Thoughts about WinFS and related technologies

There’s been a lot of discussion about the recent decision not to ship WinFS as a distinct product, but instead to incorporate its technologies into ADO.NET and SQL Server.  I don’t have much to contribute to the discussion about WinFS itself since I didn’t have anything to do with it.  I do find some of the commentary thought provoking about some larger XML-related questions, however.  OK, I guess I do feel the need to get a couple of things off my chest that I haven’t seen beaten to death in other posts.

  • I liked Stephen O’Grady’s dissection of the announcement itself: “There’s very little contrition in the post, very little apology or reflection. … When you’re announcing the death of a project that has consumed thousands of man hours of time, and affected the future of other Microsoft projects, I would have expected the post to be more retrospective…”

  • Since WinFS was  not a “filesystem” (I think “FS” has stood for Future Store for awhile now), comparison with the new Solaris ZFS is a bit pointless.  That does have some promising-sounding features — 64 bit checksums, orders of magnitude more capacity, transactional approach to make the order of low-level I/O operations irrelevant  — but I don’t think that even the most fervent hype for WinFS ever promised that kind of stuff.

  • The biggest reason for cancellation was probably simply that after all these years, no MS products had taken a dependency on WinFS.  All those wonderful things that it might be able to do … if only someone would sign up to be the guinea pig.  Bootstrapping that was presumably why Project Orange was started. 

This leads to the main point I’d argue as far as the relevance of this announcement for what I actually do for a living: No matter how great your technology, it’s not going to be a success until it solves more problems than it creates.  It’s hardly an original observation to compare WinFS and the Semantic Web  but proponents of the latter should now be pondering the lessons of the former.

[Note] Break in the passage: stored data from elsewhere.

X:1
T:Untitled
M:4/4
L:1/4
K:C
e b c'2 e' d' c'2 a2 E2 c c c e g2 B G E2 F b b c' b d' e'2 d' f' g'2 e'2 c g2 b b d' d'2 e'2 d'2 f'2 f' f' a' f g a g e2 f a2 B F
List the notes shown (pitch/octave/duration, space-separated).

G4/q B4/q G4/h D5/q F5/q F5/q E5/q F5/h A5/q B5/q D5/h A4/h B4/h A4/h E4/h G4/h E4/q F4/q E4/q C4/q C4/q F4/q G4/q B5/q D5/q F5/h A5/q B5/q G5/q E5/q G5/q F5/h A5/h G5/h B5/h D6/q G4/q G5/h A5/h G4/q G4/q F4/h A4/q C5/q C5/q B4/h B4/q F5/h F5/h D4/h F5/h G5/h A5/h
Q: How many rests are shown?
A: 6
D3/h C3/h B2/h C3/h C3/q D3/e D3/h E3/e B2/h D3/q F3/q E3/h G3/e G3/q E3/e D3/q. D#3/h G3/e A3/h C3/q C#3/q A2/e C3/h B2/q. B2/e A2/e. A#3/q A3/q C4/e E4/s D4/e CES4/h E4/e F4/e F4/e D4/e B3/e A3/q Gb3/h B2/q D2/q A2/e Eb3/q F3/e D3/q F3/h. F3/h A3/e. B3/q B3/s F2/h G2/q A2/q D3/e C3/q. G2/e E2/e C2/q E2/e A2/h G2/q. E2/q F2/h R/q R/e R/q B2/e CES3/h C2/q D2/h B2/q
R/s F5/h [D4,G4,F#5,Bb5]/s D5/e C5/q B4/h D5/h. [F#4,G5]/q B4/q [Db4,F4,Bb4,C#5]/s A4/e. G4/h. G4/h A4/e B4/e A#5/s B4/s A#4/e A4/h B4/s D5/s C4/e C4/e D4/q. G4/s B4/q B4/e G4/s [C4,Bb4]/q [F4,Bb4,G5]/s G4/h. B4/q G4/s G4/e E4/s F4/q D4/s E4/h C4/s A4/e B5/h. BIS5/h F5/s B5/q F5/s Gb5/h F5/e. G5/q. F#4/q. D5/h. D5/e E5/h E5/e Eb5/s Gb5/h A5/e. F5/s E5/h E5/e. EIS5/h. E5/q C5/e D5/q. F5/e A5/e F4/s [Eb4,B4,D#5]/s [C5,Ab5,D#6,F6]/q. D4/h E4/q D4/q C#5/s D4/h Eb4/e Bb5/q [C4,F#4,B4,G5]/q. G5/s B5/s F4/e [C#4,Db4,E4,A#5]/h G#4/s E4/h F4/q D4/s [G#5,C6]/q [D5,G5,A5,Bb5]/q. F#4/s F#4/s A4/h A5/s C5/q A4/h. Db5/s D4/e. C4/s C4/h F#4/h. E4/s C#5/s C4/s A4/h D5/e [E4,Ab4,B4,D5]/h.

The main reason that WinFS became “the biggest example of scope creep”   AFAIK is that simpler text indexing / search technologies based on statistics rather than semantics have been plucking the low hanging fruit faster than WinFS could mature; it had to get ever more ambitious to be differentiated from Google desktop search, Apple Spotlight, etc. etc. etc. This is probably equally true of the Semantic Web that had much of its vision implemented by Google and responded by raising its ambitions.  So far, people trying to solve the problems that WinFS set out to solve have done without having to build the conceptual infrastructure that it demanded,

But as much as I like to rub salt in their wounds, the people who ask us to start with an ontology or an entity-relationship model may well be able to keep going after the the simpler search models hit the wall. That remains to be proven, of course, but it’s interesting how the WinFS data model lives on (in an evolved form) in the ADO.NET Entity Framework. It still takes some thought and work to develop the entity data models that power this approach (or the ontologies that power the semantic web), but that up-front work allows more flexibility in object mapping, database evolution, etc. than the simpler currently dominant approaches do. 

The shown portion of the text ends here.